The Board reaffirms its intention to operate with a leverage up to 2.0x, unless immediately following an acquisition, which provides substantial headroom compared to the current facilities limit of 3.0x.

The full year proposed dividend represents 60% (2017: 58%) of adjusted basic earnings per share. Prior to 2015 the dividend pay-out ratio was less than 40%. The Board reaffirms that the pay-out percentage currently is too high and in future should be more in line with the previous norm. Whilst the Board has no current intention of reducing the future full year dividend, increases are only likely once earnings have grown and the pay-out ratio is at or around this level.

Markets and trading


FY 2018 FY 2017 FY 2017 at constant
Fee income (£m) 101.1 93.0 91.7
Segment profit * (£m) 8.9 8.0 7.9
Margin (%) 8.8 8.6 8.7

* after reorganisation costs: 2018 £0.7m, 2017 £0.5m

Activity in oil and gas markets increased throughout the year although there remained pressure on rates. The main service clusters comprising Exploration and Development, Oceans and Coastal, and Advisory and Management Consulting each posted good fee and profit growth. Following debt recoveries, £1.2m of associated debtor provisions (2017: £1.8m) were reversed in the year. Subject to the continuing recovery in oil and gas markets growth in this business is anticipated in 2019 although further significant debt recoveries are unlikely.

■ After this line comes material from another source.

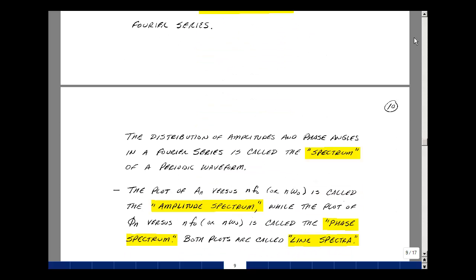A few final definitions. The distribution of amplitudes and phase angles of our alternative form of the Fourier series is called the spectrum of a periodic waveform. If we plot A sub n versus n f naught or n omega naught, that's called the amplitude spectrum, while a plot of phi sub n versus the same x-axis is called the phase spectrum. Both plots we'll call line spectra. And this is the alternative form of the Fourier series.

Consulting - UK and Ireland

FY 2018 FY 2017 FY 2017 at constant
Fee income (£m) 122.1 120.8 121.1
Segment profit * (£m) 15.4 16.6 16.7
Margin (%) 12.6 13.8 13.8

* after reorganisation costs: 2018 £0.1m, 2017 £nil

The Design and Development businesses in Ireland and Northern Ireland performed well, where public infrastructure spending is strong. Our businesses in Great Britain enjoyed generally good market conditions in both private sector development and public infrastructure projects although have been held back by retention and recruitment challenges in London and to a lesser extent in Birmingham.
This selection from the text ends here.